DATA SHOWN START

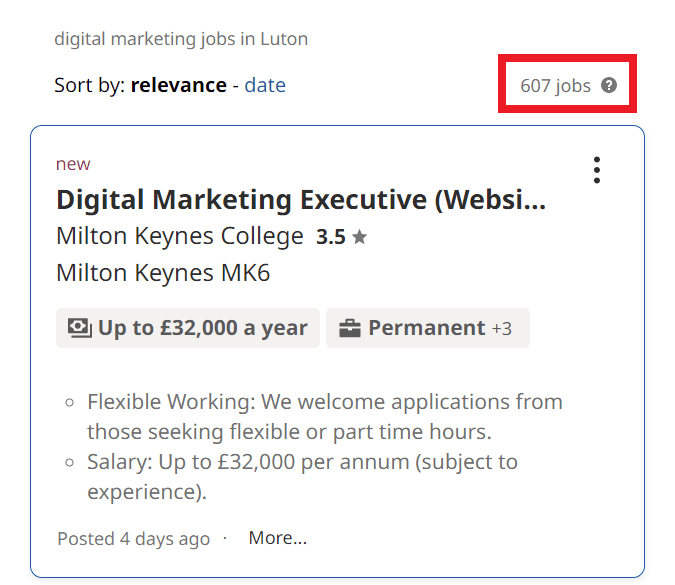 Digital Marketing Courses in Luton - Job Statistics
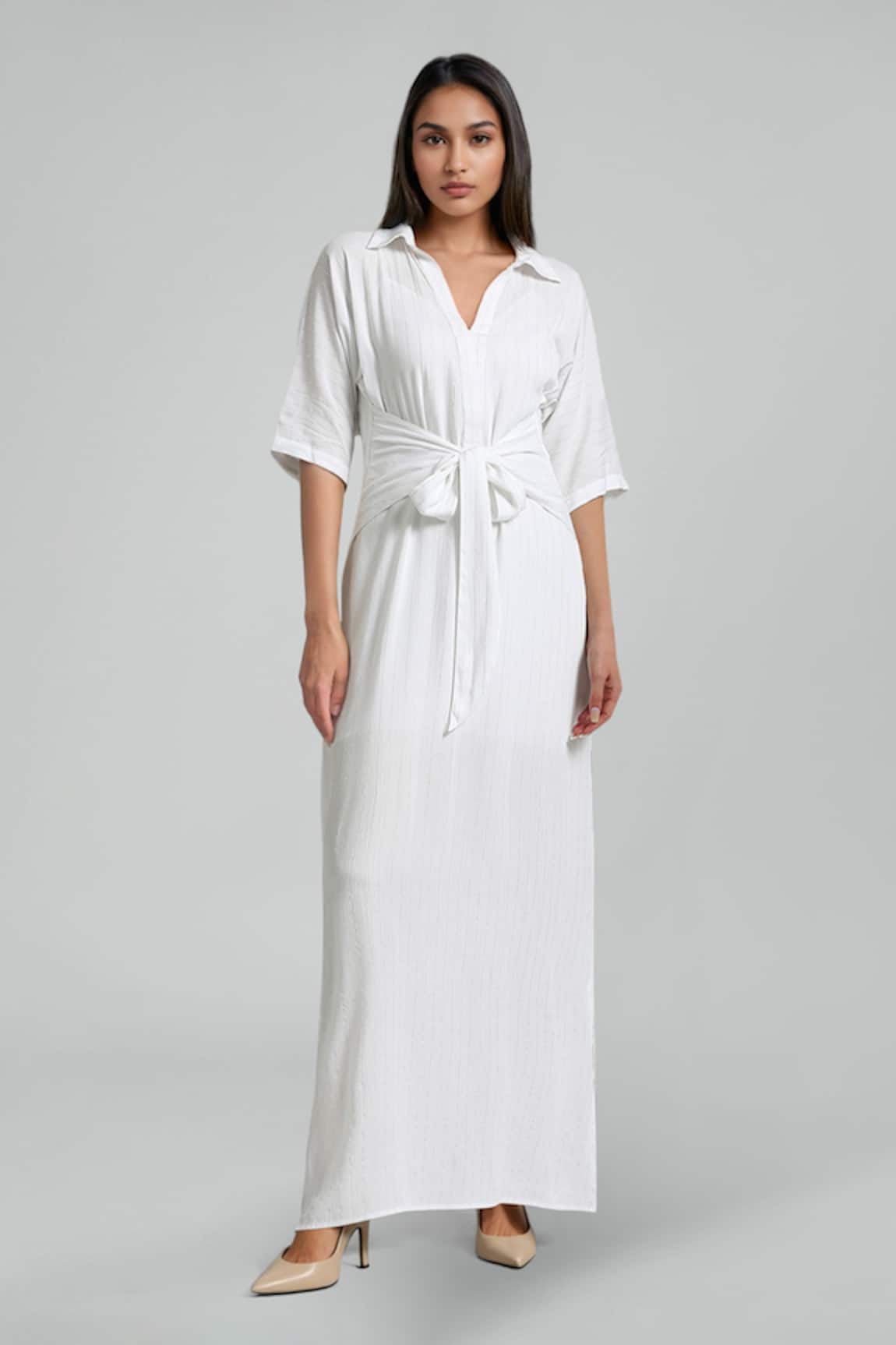 Emblaze White Lurex Maxi Dress 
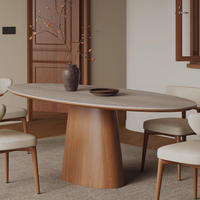 Table à manger ovale de style rétro français de luxe avec plateau en pierre et base en bois massif, pieds amovibles pour la maison et les hôtels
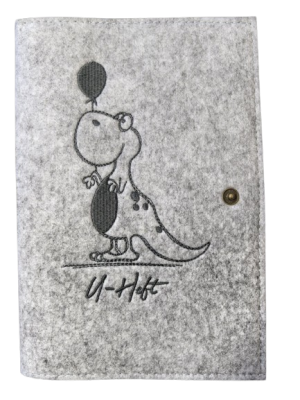 LUXDAG Filz Etui für Mutterpass DINOSAURIER 15,5 x 23 cm
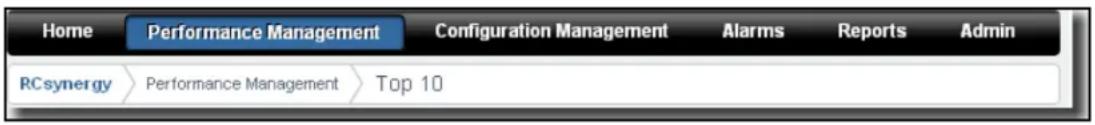 Home Performance Management Configuration Management Alarms Reports Admin RC synergy > Performance Management > Top 10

DATA SHOWN END

## YOUR INSTRUCTIONS
With all pictures removed, reproduce the lines from the top of the entries above through the line containing "LUXDAG Filz Etui", exactly as written.

## TASK ANSWER
 Digital Marketing Courses in Luton - Job Statistics
 Emblaze White Lurex Maxi Dress 
 Table à manger ovale de style rétro français de luxe avec plateau en pierre et base en bois massif, pieds amovibles pour la maison et les hôtels
 LUXDAG Filz Etui für Mutterpass DINOSAURIER 15,5 x 23 cm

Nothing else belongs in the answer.